Work to be completed. Omit the pictures and print exactly the lines of the listing below, starting at the first and ending at the line containing "Executive Functioning Coping".

----------

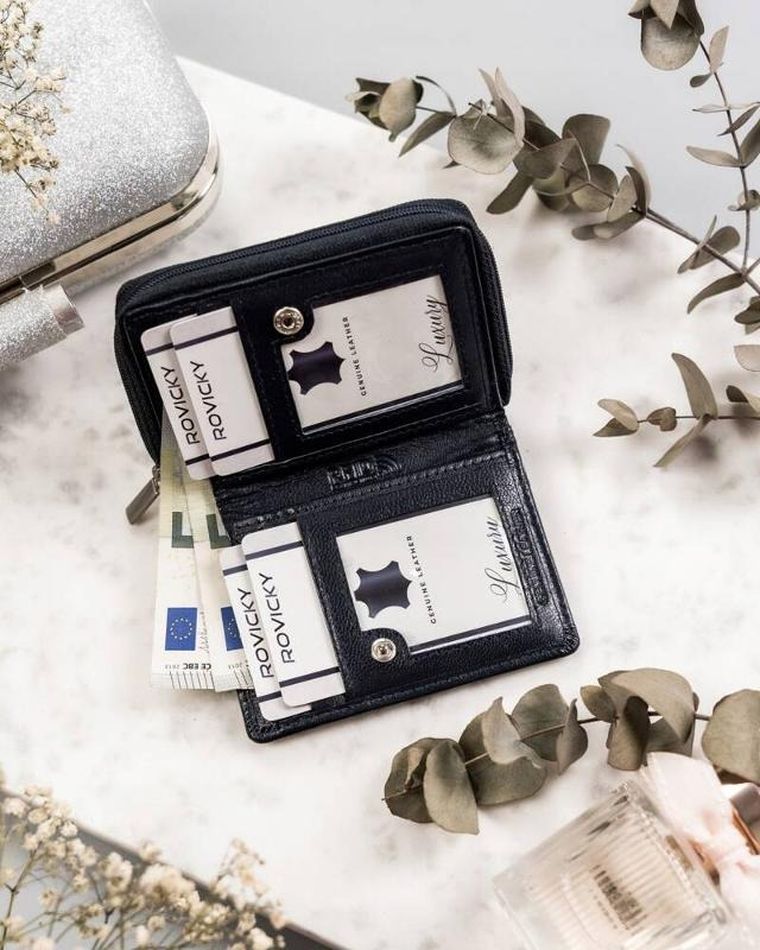 Portfel, granatowy, skórzany, Rovicky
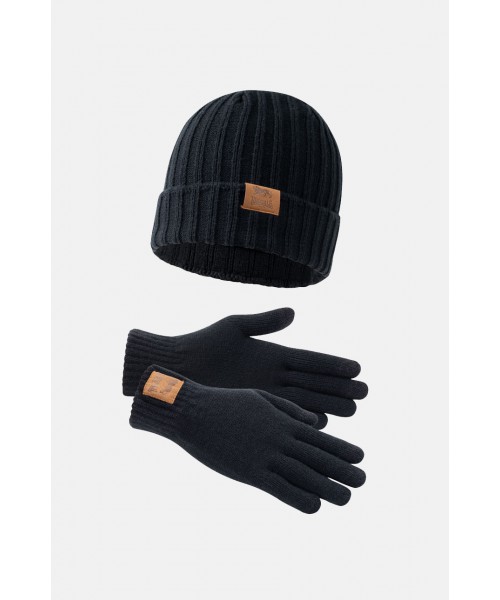 Zestaw czapka zimowa i rękawiczki LONSDALE LONDON DEAZLEY Czarny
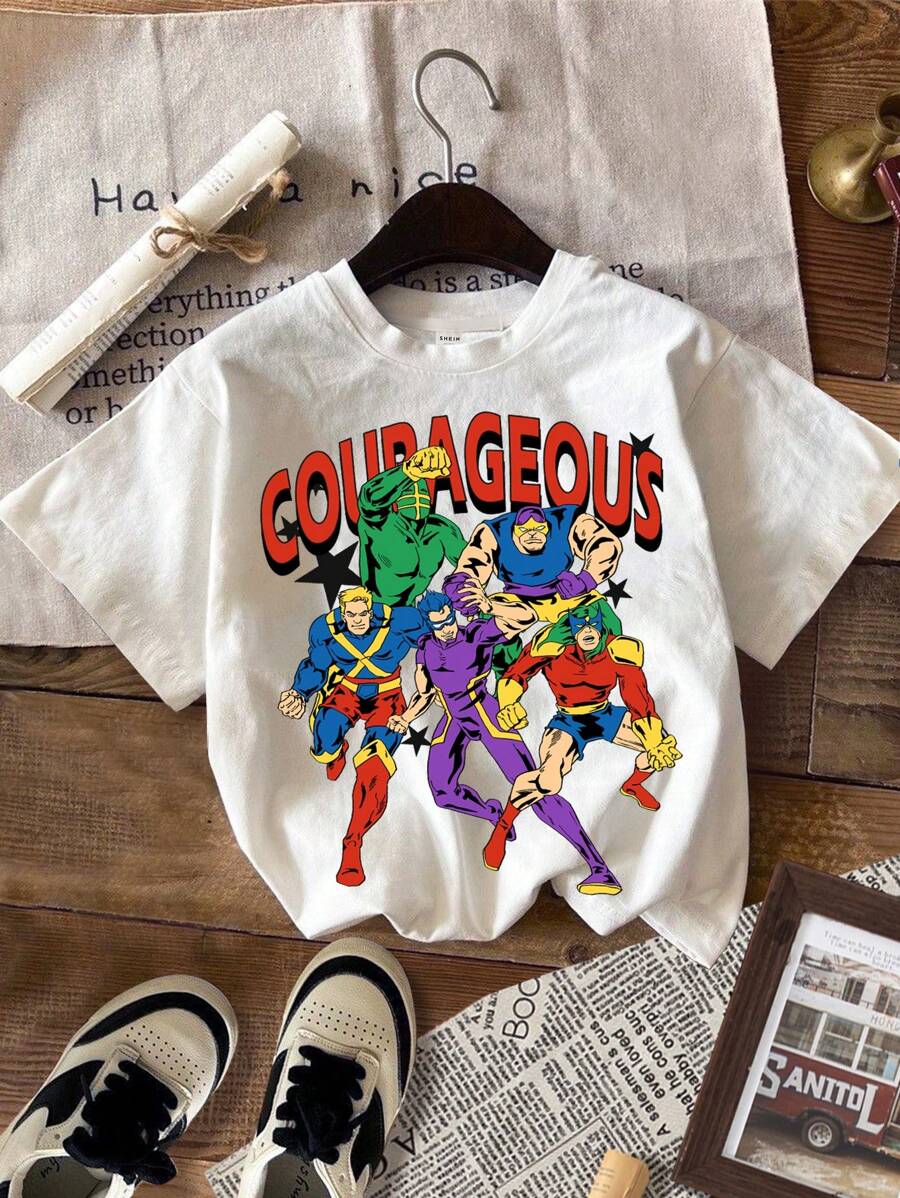 SHEIN Young Boy Casual Cartoon Character Print Short Sleeve Round Neck ...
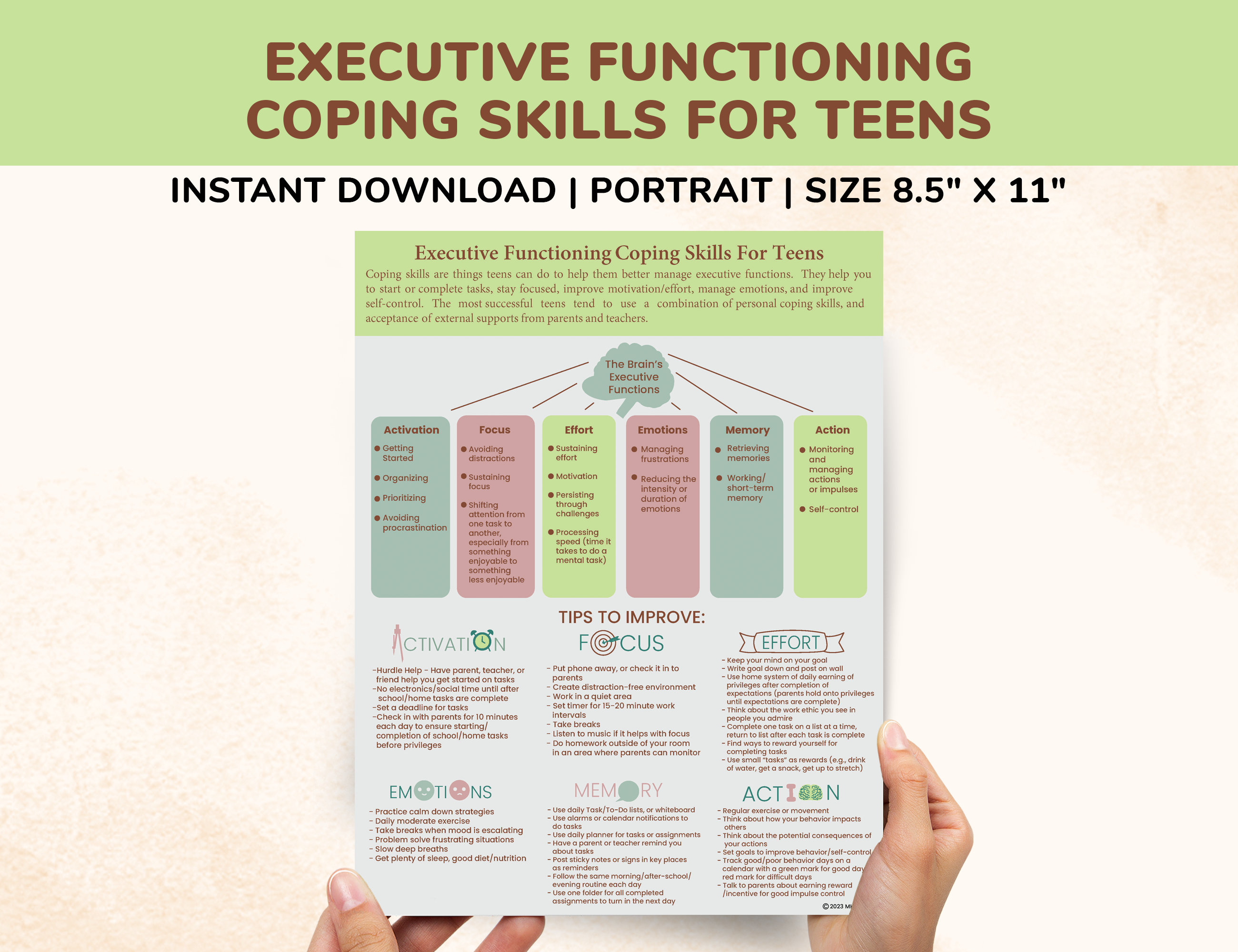 Executive Functioning Coping Skills Printable Handout Poster for Teens ...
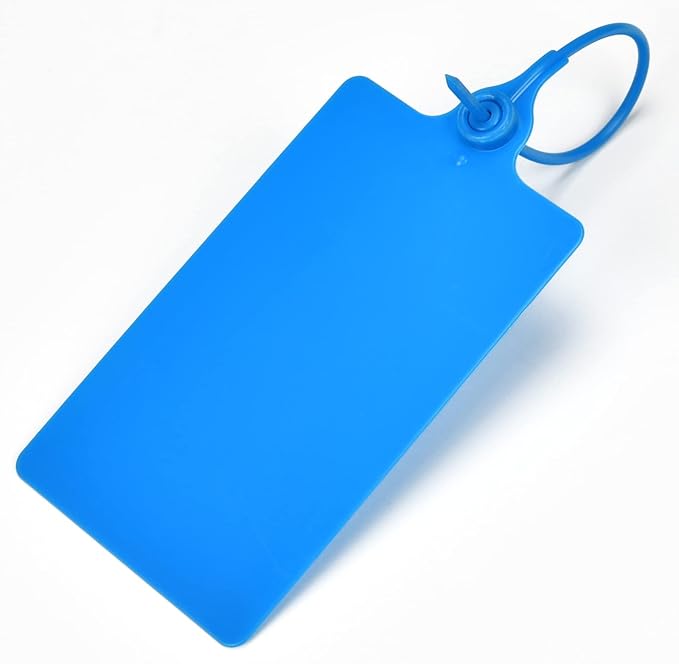 LeadSeals 100 Plastic Shipping Tags - Waterproof, Writable, Hanging Tags with One Marker Pen (Navy Blue)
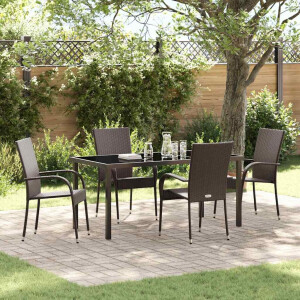 vidaXL Tuin eettafelset 5 pcs Bruin Gepoedercoat staal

----------

Output for this task.
 Portfel, granatowy, skórzany, Rovicky
 Zestaw czapka zimowa i rękawiczki LONSDALE LONDON DEAZLEY Czarny
 SHEIN Young Boy Casual Cartoon Character Print Short Sleeve Round Neck ...
 Executive Functioning Coping Skills Printable Handout Poster for Teens ...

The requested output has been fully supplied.